> **WHAT THE TASK REQUIRES**
Only the lines from the one with "USA Gear Camera" to the end of the data below should be returned, each exactly as it stands.

──────── THE RECORDS

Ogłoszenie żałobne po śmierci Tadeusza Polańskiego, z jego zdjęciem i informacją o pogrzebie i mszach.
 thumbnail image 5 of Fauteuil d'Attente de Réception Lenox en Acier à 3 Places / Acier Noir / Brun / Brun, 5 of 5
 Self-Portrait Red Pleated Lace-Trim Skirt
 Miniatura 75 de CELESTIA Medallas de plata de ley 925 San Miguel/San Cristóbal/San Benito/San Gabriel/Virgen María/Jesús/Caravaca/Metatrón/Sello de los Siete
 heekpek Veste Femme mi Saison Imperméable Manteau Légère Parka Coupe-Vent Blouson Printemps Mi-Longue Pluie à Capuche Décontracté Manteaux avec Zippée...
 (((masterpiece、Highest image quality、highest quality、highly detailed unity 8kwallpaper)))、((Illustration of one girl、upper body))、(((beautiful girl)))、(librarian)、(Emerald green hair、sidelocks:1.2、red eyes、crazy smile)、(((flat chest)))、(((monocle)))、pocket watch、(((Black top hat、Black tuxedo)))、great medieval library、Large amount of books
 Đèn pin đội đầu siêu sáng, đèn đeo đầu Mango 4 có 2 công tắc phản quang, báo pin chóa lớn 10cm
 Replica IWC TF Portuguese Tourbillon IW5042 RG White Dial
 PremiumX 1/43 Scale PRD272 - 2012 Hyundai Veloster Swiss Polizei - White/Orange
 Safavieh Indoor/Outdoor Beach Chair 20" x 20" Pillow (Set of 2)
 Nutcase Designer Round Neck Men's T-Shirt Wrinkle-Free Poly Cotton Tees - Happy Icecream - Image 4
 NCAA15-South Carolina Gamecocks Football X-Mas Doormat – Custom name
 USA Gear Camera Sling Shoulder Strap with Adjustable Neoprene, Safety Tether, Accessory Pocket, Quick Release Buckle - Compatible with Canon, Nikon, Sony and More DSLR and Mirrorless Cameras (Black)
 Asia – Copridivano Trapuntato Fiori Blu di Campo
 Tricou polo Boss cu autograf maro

────────────────

> **PROBLEM SOLUTION**
 USA Gear Camera Sling Shoulder Strap with Adjustable Neoprene, Safety Tether, Accessory Pocket, Quick Release Buckle - Compatible with Canon, Nikon, Sony and More DSLR and Mirrorless Cameras (Black)
 Asia – Copridivano Trapuntato Fiori Blu di Campo
 Tricou polo Boss cu autograf maro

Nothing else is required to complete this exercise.